* _PROBLEM TO WORK ON_: Can the lines below, from the one that holds "Nursery Wall Art" to the very end, be echoed exactly, with both ends included and no pictures?
──────── THE DATA
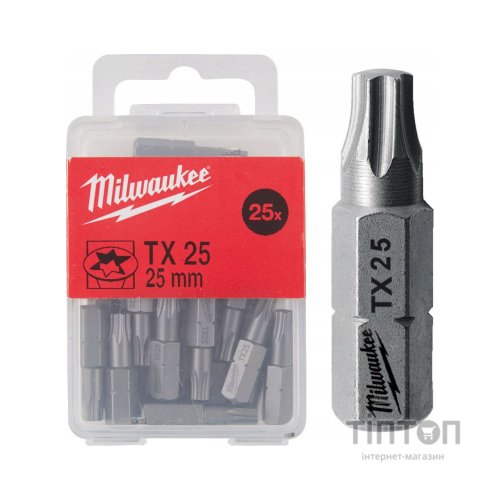 Набір біт Milwaukee TX25, 25мм, 25шт (4932399597)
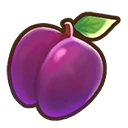 Plum crop icon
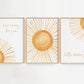  Nursery Wall Art Sunshine – Set of 3 Watercolor Prints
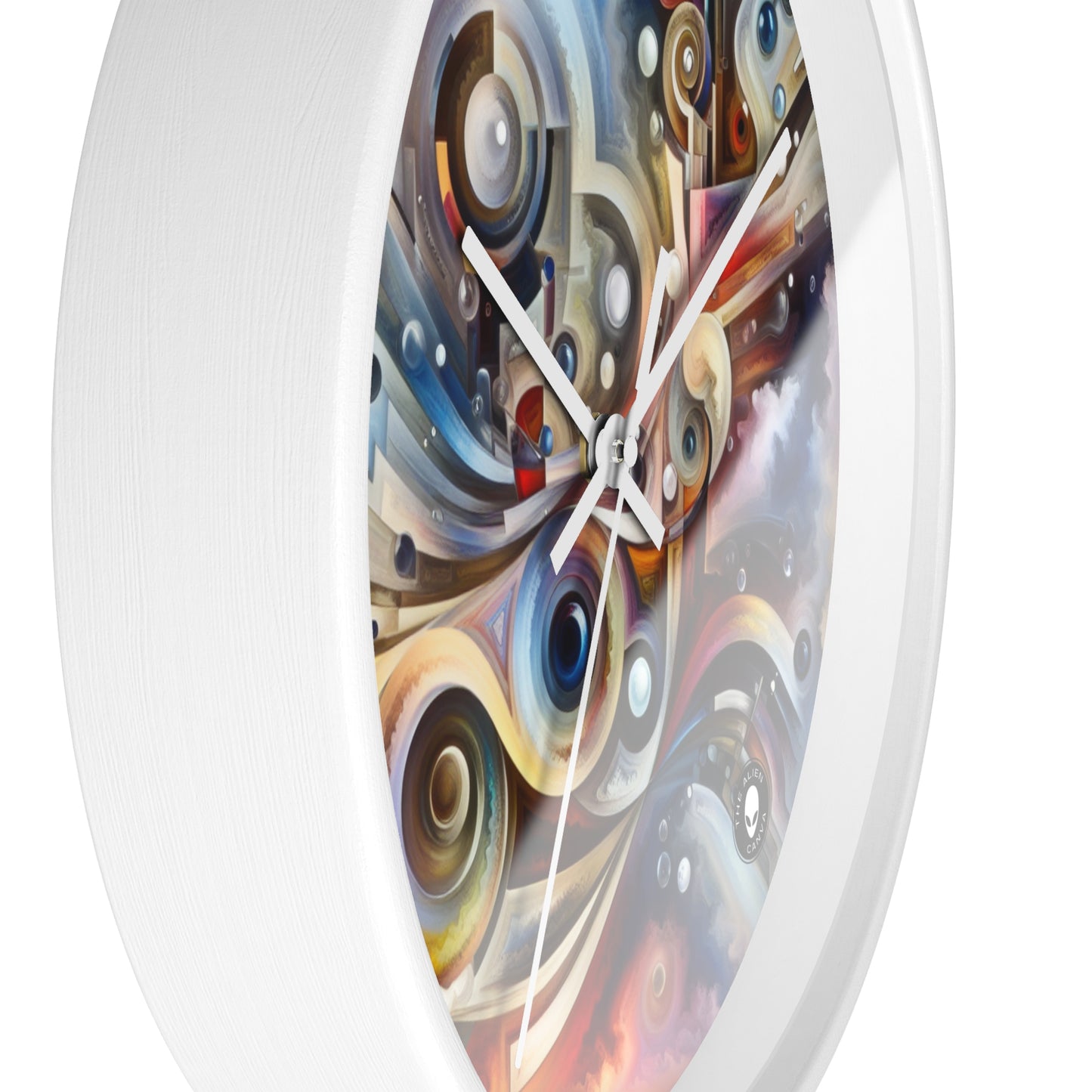 "Nature's Mechanical Symphony" - The Alien Wall Clock Abstract Surrealism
────────────────
* _THE ANSWER_:
  Nursery Wall Art Sunshine – Set of 3 Watercolor Prints
 "Nature's Mechanical Symphony" - The Alien Wall Clock Abstract Surrealism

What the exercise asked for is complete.